Presidential assassination movies are pretty routine in film history. One recent one – In the Line of Fire – is darn good. But assassination flicks about real living Presidents are rare indeed. In fact, I can’t think of a single other one beside the new British docudrama Death of a President to be premiered at the Toronto Festival next month. Peter Dale, the head of More4, which is televising the work, has this to say:
“I’m sure that there will be people who will be upset by it but when you watch it you realise what a sophisticated piece of work it is.”

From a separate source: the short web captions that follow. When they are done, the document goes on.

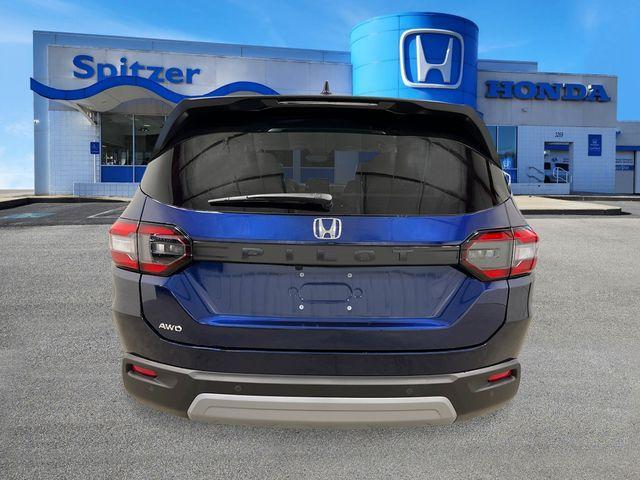 new 2025 Honda Pilot car, priced at $45,095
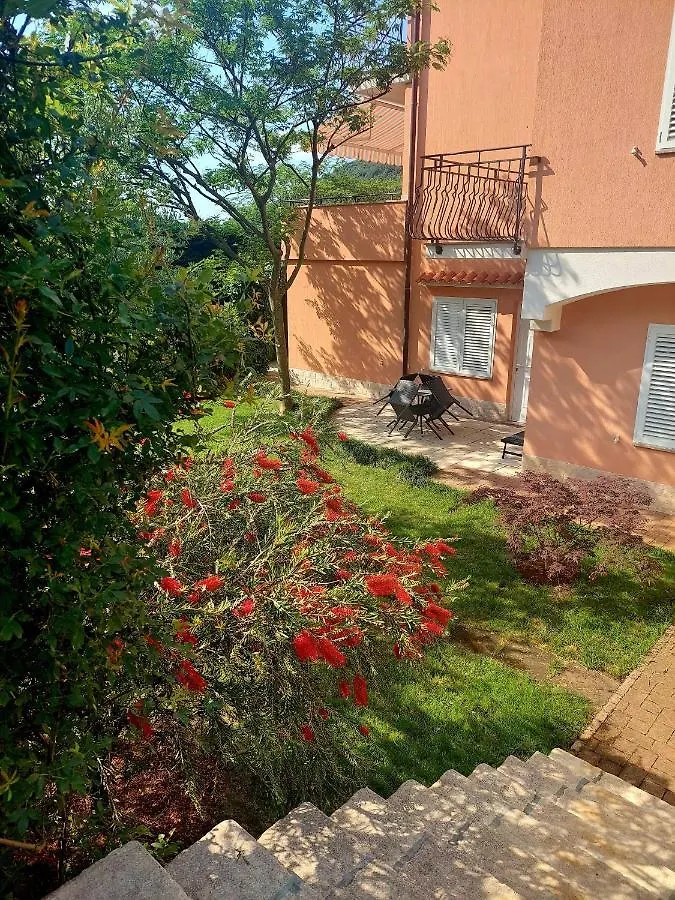 Apartments Mogorovic Moscenicka Draga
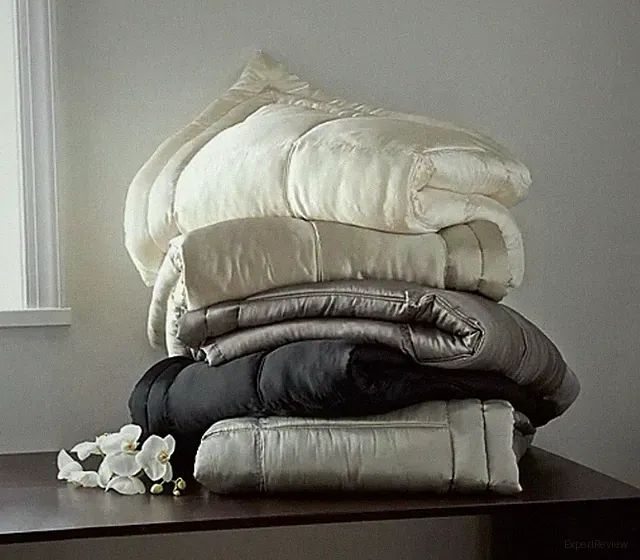 Donna Karan Silk Quilt Ivory King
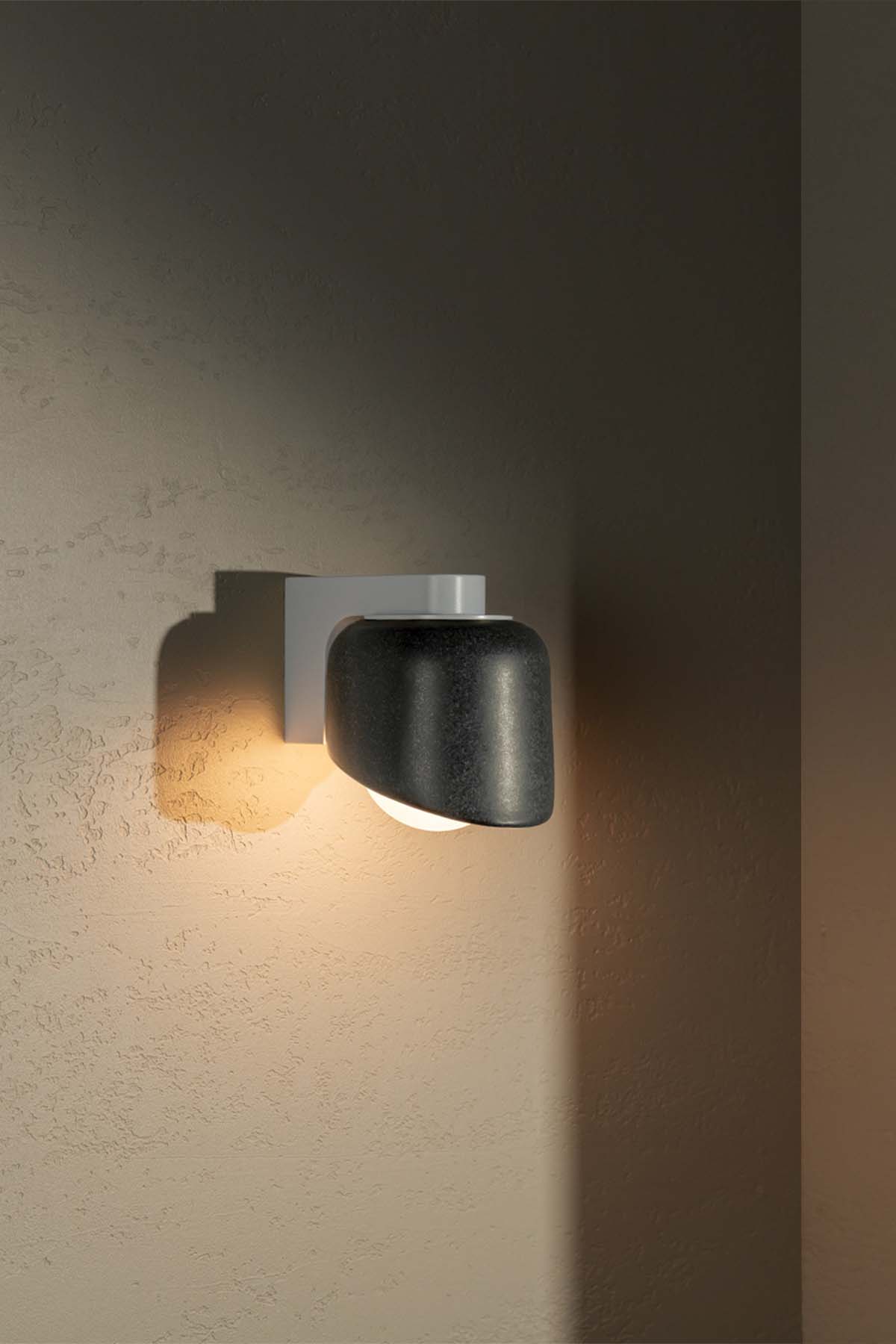 Terra 0.5 Wall Light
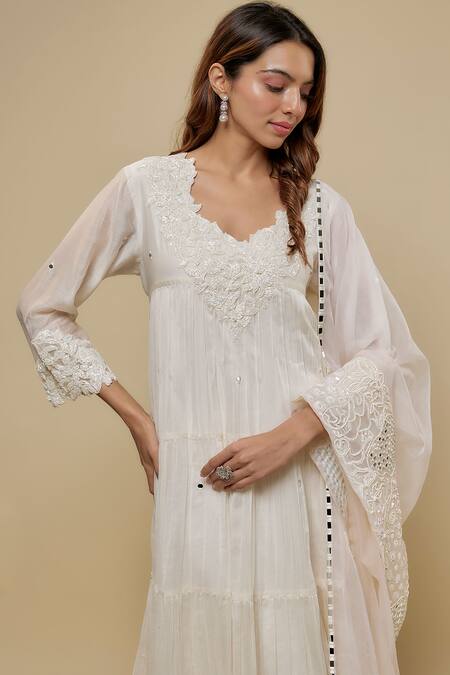 Buy Asaga Ivory Chanderi, Muslin, Organza Embroidery Round Abstract Floral Anarkali Set Online at Aza Fashions Buy_Asaga_Ivory Chanderi, Muslin, Organza Embroidery Round Abstract Floral Anarkali Set _Online_at_Aza_Fashions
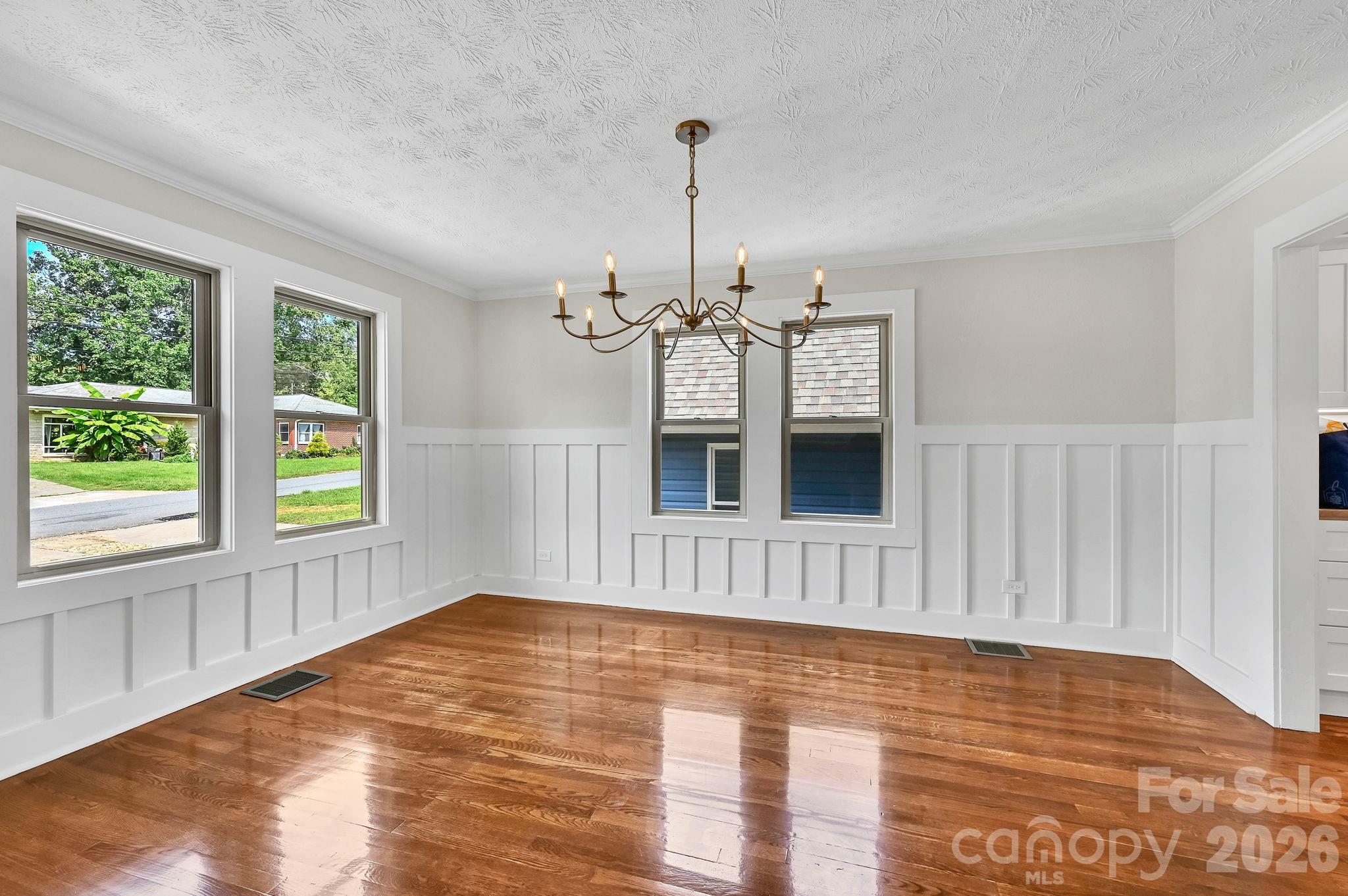 34 Long View Drive — Burnsville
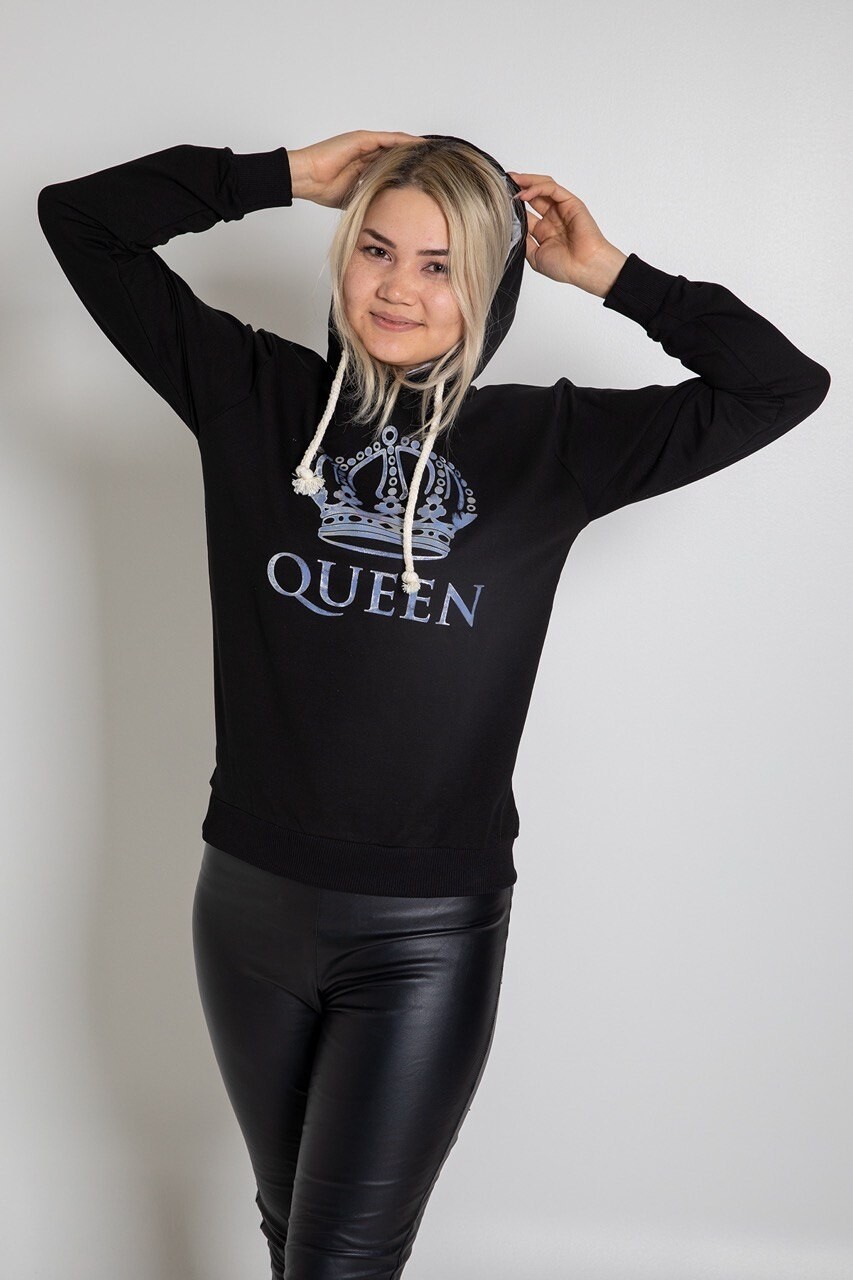 Kadın Siyah Queen Tacı Baskılı Kapüşonlu Oversize Sweatshirt  HZL23W-SR120021
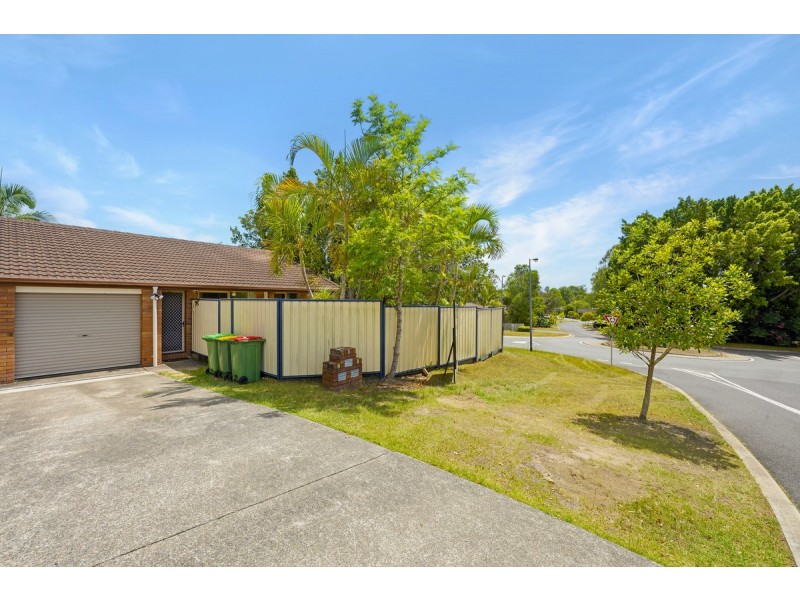 1/1 Keats Place, Nerang QLD 4211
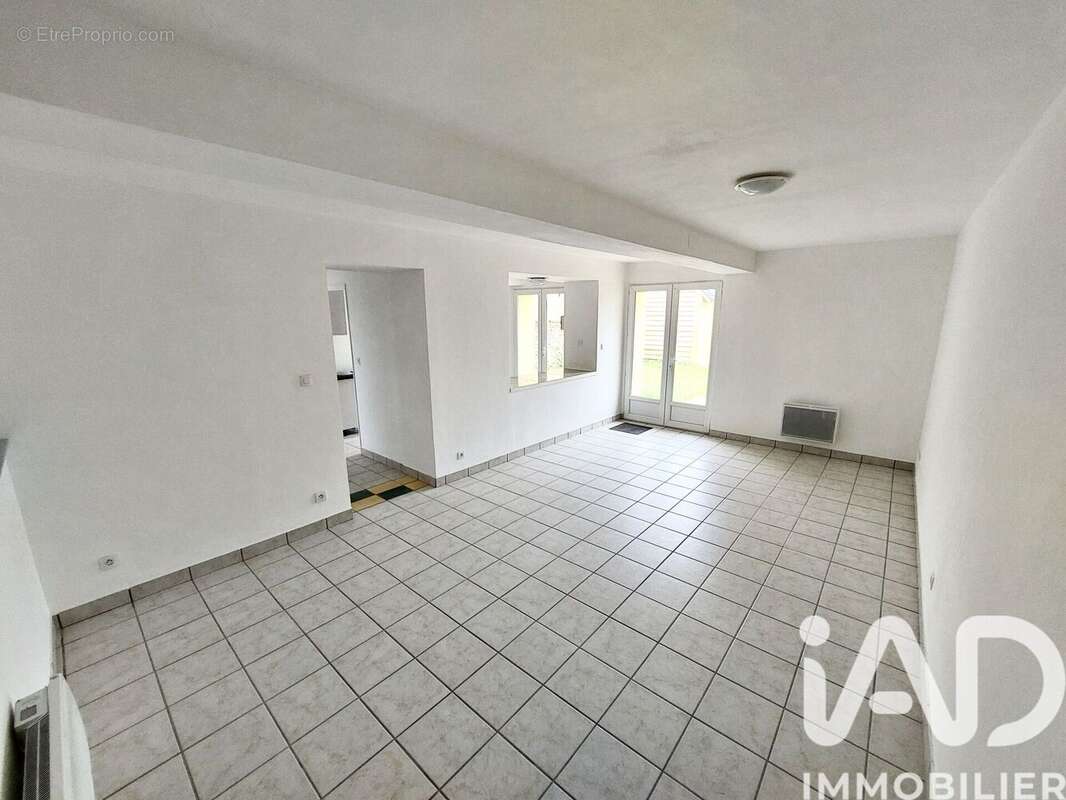 Maison 80 m² à Doucelles  - photo 5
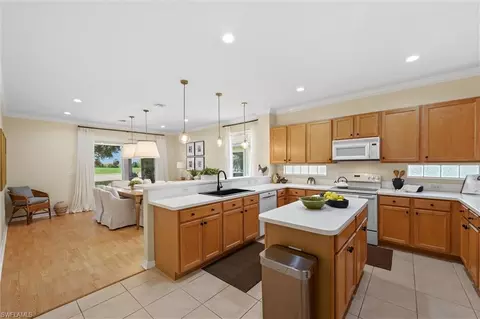 Kitchen - 1892 Par Dr, Naples, FL 34120 photo 1 of 4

Oh, really? I guess, to paraphrase Bill Clinton, that depends on what your definition of “sophisticated” is. I haven’t seen the film, of course, but at first glance this seems a kind of upmarket political porn. I would ask Messrs. Dale and Range (the filmmaker) how they would feel about viewing a “sophisticated” docudrama of themselves being assassinated in 2007? Horrifed, perhaps? Maybe scared out of their knickers that someone would be encouraged to follow the film’s example? In the UK, where such things are subject to much more stringent legislation, they might even be advised to sue the filmmakers. Bush has no such luck in this country.
Meanwhile, Dale and Range will go on to get the pats on the back from le tout London, maybe even a rave review in the Guardian (or respectful if the film is aesthetically mediocre). Nice work, fellas. Good career move.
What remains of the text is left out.